Во многих холстах мастера в различной мере проявляются черты геометрического абстракционизма, в незначительной степени синтетического кубизма, а также неосимволизма и даже магического реализма, что и показывает такую особенность трансавангарда, как пронизывание и вбирание различных художественных течений мировой визуальной культуры или их отдельных признаков. В целом его творчество нельзя отнести к какому-то определенному направлению. Ассоциируясь с обозначенными художественными явлениями, пластические и стилистические находки этого живописца, тем не менее, носят аутентичный характер.
Роберт Каркусов, будучи выпускником Тбилисской государственной академии художеств, мастерской Николая (Коки) Игнатова, как и многие, вышедшие из ее стен живописцы, отличается особо развитым восприятием цвета. Глядя на ранние работы художника (Обнаженная», «Портрет друга» и др.) трудно поверить, что через десять лет его творчество столь разительно эволюционирует. Он отходит от чрезмерной экспрессивности и напряжения, развивая свой творческий метод по пути обобщения, стилизации и уплощения формы, ритмического и цветового обогащения. Это не означает, что он лишает свои произведения эмоциональности и динамики, что подтверждает его работа «Порыв ветра» (2003 г.), написанная для друга- дельтопланериста. Откровенной экспрессии и открытым цветам он предпочитает тонкие, сближенные, нюансированные колористические отношения и гармоничную, музыкальную структуру композиции.
Большинство произведений этого художника построено на предельной стилизации и декоративности. Эта особенность в совокупности с ритмическим и цветовым построением определяет их родство с композиционной природой гобеленов второй половины ХХ века. Живописно-фактурные решения, обогащающие «длительность» цветового пятна, еще более усиливают шпалерность холстов, написанных в традиционной масляной технике, и придают их поверхности мягкое, располагающее звучание.
Композиционное мышление художника, также близкое шпалерам, тканым картинам, тяготеет к вариативности, хотя уникальное чувство компоновки и равновесия цветовых и тональных масс свидетельствует, что мастер столь же успешно может заниматься архитектонической композицией.
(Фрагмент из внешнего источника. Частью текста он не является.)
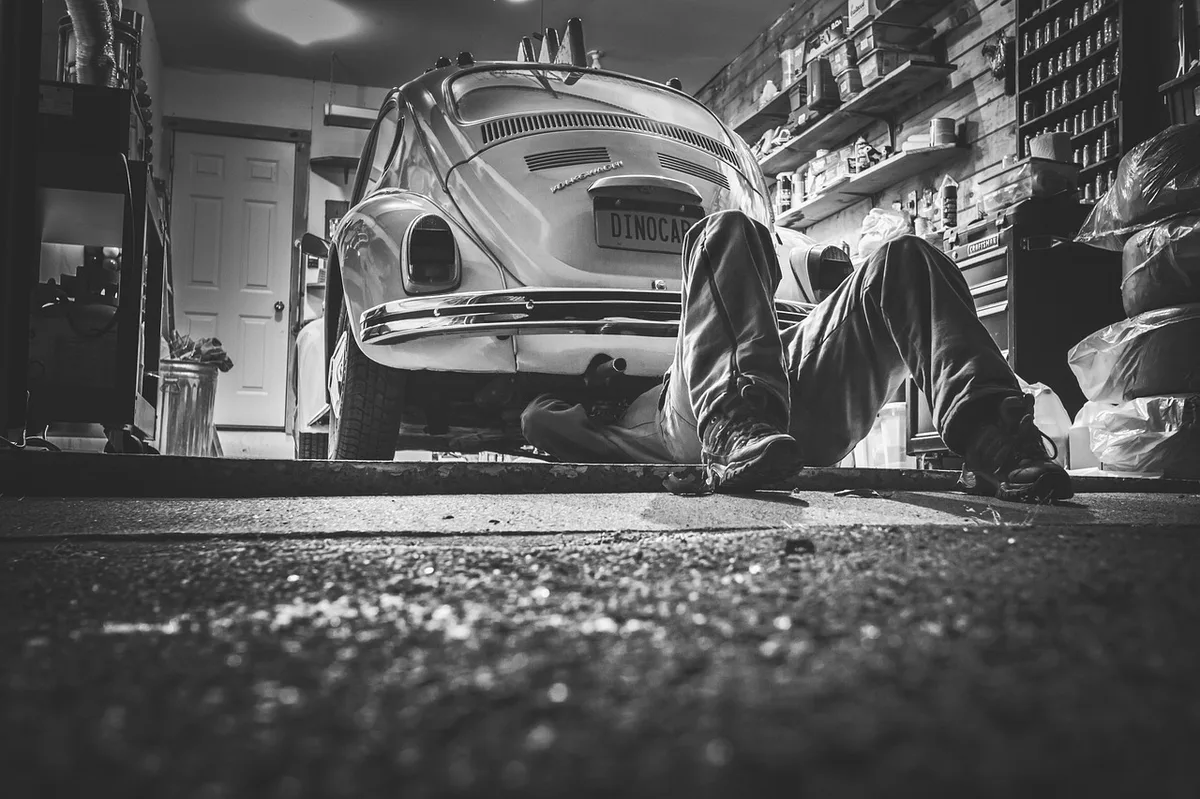 Motor de carro em close mostrando componentes internos da injeção eletrônica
Он, подобно джазовому музыканту, найдя одну пластическую и тематическую линию, бесконечно варьирует ее в разнообразных цветовых и структурных воплощениях, добиваясь разнообразия оттенков настроения и новых образных концепций.
Объемно-пространственному изображению он явно предпочитает плоскостное или, во всяком случае, уплощенное. Картинная плоскость является у него ареной цветовых коллизий и одним из источников смысла. Она выступает метафорой души и памяти, где словно на небе, скользят лучи невидимых цветных прожекторов и оставлены цветовые инверсионные полосы – следы пролетевших мыслей, переживаний, ощущений, воплотившихся в отзвуки немногочисленных предметных образов.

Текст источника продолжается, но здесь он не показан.